Una vita oltremodo tumultuosa quella di Eduardo, attore sempre in scena, mente e anima in funzione per raccontare ogni volta uno squarcio dell’universo mondo della sua Napoli: tre mogli – l’ultimo matrimonio è nel 1977; la lite interminabile col fratello Peppino – fu dal palco del Duse di Bologna che alla sua morte disse “adesso mi manca come compagno, come amico, ma non come fratello”; l’impegno politico durante la guerra nel 1943 quando le 600mila lire d’incasso di alcune recite clandestine finirono per aiutare gli ebrei romani nascosti, o quando nel ’44 i De Filippo ricevettero un mandato di arresto per aver recitato Il berretto a sonagli e fuggirono da Roma. E poi ancora Eduardo diventa attore, sceneggiatore e regista cinematografico – altissima la vetta toccata con il soggetto di Matrimonio all’Italiana di Vittorio De Sica, tratto da Filomena Marturano – con l’unico scopo di guadagnare denaro per ristrutturare quel teatro San Ferdinando, riaperto nel ’54 tra ali di folla, proprio in queste ore spazio in cui Toni e Beppe Servillo reciteranno Le voci di dentro fino al 9 novembre: “Eduardo è il più straordinario e forse l’ultimo rappresentante di una drammaturgia contemporanea popolare”, ha spiegato l’interprete de La Grande Bellezza che è riuscito a vedere De Filippo in scena all’età di 18 anni, “Dopo di lui il prevalere dell’aspetto formale ha allontanato sempre più il teatro da una dimensione autenticamente popolare”.

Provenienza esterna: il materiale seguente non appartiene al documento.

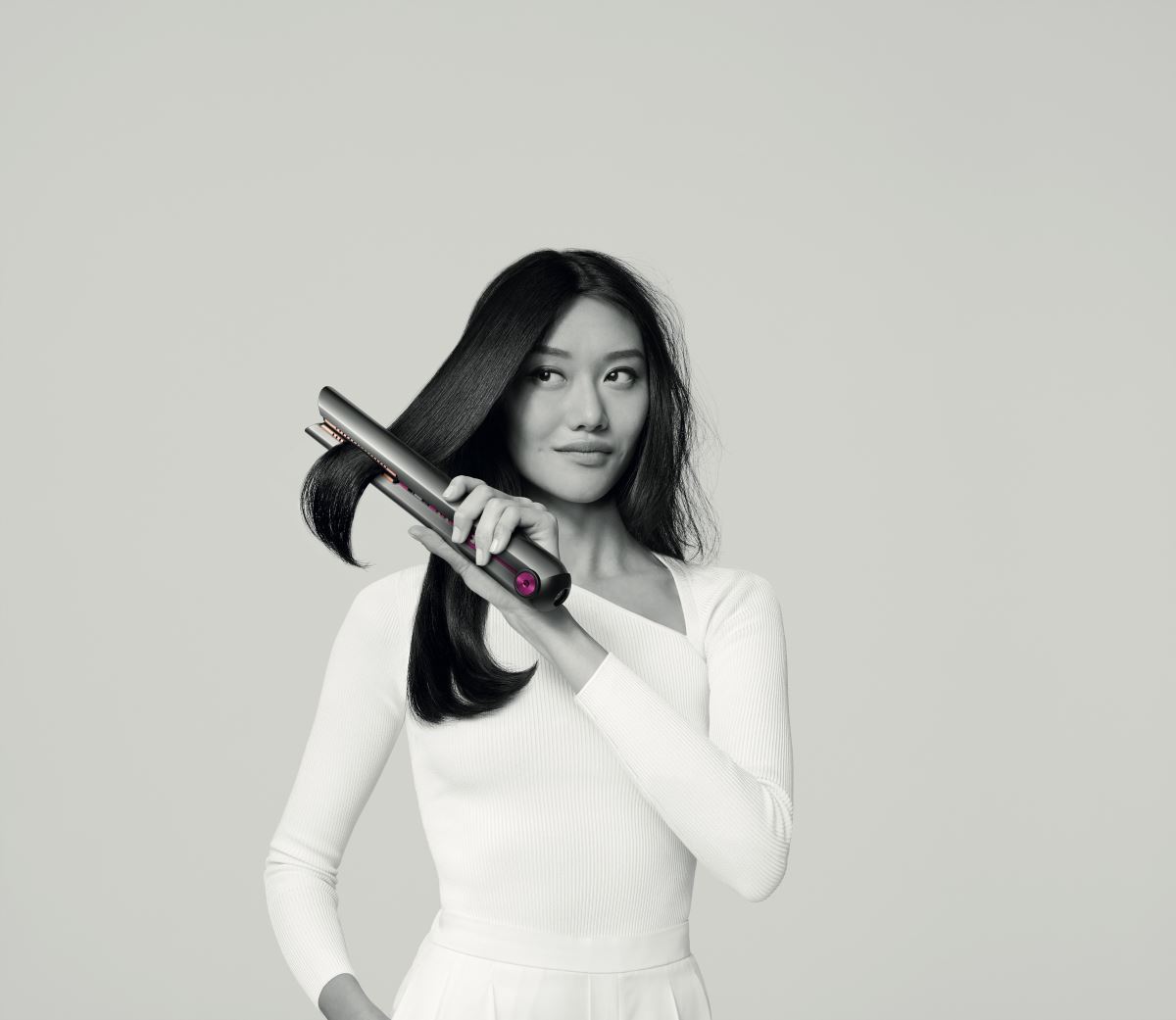 「 Dyson Corrale™ 直髮造型器 」重量登場, Dyson推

Ed è proprio su Rai1, in quella tv in cui Eduardo propose le versioni dei suoi spettacoli teatrali, dirigendoli con mano sicura e altrettanto successo di pubblico, che Le voci di dentro verrà riproposto nella replica del 2 novembre delle 16.45 con la regia d’eccezione di Paolo Sorrentino. De Filippo, infine, non si è mai sottratto al confronto pubblico su temi sociali, nonostante l’età avanzata e i disturbi di salute che fin dal 1974, addirittura in scena, lo videro star male e poi recitare con un pacemaker. La commovente dolcezza nel ricordare Pasolini, con cui avrebbe dovuto girare Teo-Porno-Kolossal, definito “una creatura angelica” fece il giro del mondo; e ancora l’interessamento da senatore del dramma delle carceri minorili (al Nisida di Napoli il 31 ottobre 2014 i ragazzi del carcere reciteranno una commedia di Eduardo, ndr), l’insegnamento del teatro come materia autonoma nelle università (si narra di una telefonata decisiva al ministro Falcucci), o l’invocazione del disarmo unilaterale dell’Italia (“Tanto siamo così piccoli che ci invaderebbero lo stesso”) lasciarono comunque il segno nella politica italiana. Tanto che tra convegni e rappresentazioni teatrali sarà proprio il Senato della Repubblica a ricordare De Filippo il 31 ottobre con la “Cantata delle parole chiare. Voci dal teatro di Eduardo” attraverso le voci di Giorgio Albertazzi, Anna Bonaiuto, Silvio Orlando, Massimo Ranieri, Lina Sastri, e con il figlio Luca a leggere alcuni passaggi dell’intervento in aula svolto da Eduardo il 23 marzo 1982 sulla condizione dei giovani detenuti proprio del Nisida.